- Problem statement
Go through the listing below and gather every line with the word "view".

- Study material
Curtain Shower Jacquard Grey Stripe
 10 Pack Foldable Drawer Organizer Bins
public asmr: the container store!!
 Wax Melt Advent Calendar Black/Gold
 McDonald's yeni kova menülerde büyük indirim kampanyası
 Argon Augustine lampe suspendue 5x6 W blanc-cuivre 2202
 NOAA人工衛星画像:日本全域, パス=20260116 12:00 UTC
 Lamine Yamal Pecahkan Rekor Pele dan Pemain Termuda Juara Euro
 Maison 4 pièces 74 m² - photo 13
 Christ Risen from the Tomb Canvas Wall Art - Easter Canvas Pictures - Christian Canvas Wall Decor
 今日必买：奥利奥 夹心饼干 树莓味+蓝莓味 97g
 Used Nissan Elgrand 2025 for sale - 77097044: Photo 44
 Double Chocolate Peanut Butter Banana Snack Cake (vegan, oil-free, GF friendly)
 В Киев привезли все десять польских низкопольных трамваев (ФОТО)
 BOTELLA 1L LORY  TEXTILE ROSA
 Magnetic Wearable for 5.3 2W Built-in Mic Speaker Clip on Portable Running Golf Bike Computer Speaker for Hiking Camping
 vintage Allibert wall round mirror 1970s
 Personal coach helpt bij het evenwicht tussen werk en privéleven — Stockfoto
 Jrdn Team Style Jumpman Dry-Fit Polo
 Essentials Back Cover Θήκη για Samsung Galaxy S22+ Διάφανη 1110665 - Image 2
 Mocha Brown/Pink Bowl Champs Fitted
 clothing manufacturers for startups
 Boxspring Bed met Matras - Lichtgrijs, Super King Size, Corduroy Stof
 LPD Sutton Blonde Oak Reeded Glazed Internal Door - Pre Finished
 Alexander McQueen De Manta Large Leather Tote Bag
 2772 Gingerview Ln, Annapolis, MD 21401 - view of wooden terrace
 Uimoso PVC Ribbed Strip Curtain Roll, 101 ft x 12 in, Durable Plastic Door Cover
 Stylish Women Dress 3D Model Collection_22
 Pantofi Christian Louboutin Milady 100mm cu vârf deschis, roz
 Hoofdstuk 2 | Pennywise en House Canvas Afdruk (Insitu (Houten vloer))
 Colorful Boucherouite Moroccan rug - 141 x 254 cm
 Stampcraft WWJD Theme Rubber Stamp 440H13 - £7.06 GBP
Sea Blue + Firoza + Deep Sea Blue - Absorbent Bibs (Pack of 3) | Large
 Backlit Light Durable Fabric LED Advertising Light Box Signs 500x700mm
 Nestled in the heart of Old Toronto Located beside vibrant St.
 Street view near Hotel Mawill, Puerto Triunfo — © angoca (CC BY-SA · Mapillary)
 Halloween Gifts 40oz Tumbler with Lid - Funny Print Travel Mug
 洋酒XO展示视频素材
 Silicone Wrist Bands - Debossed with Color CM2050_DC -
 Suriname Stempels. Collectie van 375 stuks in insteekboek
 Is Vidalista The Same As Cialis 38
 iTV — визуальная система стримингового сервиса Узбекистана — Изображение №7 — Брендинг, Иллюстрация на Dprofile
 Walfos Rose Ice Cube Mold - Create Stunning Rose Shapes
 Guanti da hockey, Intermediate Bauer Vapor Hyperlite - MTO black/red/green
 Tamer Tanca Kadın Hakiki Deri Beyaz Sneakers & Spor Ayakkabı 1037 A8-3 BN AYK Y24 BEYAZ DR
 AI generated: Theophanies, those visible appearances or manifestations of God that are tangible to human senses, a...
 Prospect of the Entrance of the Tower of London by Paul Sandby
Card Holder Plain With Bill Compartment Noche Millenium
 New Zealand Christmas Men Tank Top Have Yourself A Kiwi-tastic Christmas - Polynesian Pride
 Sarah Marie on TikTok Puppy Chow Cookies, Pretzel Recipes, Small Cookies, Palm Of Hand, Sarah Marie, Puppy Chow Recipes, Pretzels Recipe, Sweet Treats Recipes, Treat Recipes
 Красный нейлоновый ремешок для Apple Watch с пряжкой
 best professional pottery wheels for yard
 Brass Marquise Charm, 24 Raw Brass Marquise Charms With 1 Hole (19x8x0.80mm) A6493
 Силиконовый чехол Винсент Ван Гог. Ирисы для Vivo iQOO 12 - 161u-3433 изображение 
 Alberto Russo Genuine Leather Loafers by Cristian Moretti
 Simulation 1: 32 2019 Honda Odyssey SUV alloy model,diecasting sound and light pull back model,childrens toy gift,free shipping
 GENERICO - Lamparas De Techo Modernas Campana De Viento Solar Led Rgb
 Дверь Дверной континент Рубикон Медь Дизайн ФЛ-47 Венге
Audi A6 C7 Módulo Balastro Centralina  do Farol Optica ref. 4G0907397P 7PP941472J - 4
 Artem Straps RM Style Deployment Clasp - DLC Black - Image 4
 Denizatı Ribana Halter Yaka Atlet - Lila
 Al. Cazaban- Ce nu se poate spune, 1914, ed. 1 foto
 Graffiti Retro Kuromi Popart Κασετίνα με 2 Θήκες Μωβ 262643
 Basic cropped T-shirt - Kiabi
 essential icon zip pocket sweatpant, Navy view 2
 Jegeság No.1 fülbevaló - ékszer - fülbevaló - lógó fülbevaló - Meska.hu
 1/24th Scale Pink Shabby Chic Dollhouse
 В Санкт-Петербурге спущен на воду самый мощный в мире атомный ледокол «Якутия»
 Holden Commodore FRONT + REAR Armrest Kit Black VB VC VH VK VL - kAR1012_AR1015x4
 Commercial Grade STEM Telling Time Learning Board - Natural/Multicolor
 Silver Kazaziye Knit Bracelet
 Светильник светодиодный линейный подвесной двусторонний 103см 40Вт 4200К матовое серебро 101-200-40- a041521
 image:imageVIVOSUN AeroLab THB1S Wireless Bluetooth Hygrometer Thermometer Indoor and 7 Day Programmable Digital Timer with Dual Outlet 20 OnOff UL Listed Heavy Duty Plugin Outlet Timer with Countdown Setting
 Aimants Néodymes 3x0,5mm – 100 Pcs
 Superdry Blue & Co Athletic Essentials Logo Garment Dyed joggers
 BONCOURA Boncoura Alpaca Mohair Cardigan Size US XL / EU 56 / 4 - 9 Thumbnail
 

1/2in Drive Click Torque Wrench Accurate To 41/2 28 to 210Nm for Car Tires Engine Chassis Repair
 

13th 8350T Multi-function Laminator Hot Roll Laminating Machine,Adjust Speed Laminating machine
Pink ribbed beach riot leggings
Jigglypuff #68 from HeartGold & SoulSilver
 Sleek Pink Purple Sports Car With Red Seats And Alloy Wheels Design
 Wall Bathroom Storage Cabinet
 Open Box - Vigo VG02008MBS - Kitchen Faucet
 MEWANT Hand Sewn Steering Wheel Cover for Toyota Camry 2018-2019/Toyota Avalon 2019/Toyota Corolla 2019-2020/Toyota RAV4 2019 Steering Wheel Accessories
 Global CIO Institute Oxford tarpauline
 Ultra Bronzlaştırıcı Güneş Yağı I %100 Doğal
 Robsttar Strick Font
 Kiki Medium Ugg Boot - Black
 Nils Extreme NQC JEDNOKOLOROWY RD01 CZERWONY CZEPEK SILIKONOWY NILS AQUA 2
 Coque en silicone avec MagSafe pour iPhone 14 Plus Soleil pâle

- The answer
 2772 Gingerview Ln, Annapolis, MD 21401 - view of wooden terrace
 Street view near Hotel Mawill, Puerto Triunfo — © angoca (CC BY-SA · Mapillary)
 essential icon zip pocket sweatpant, Navy view 2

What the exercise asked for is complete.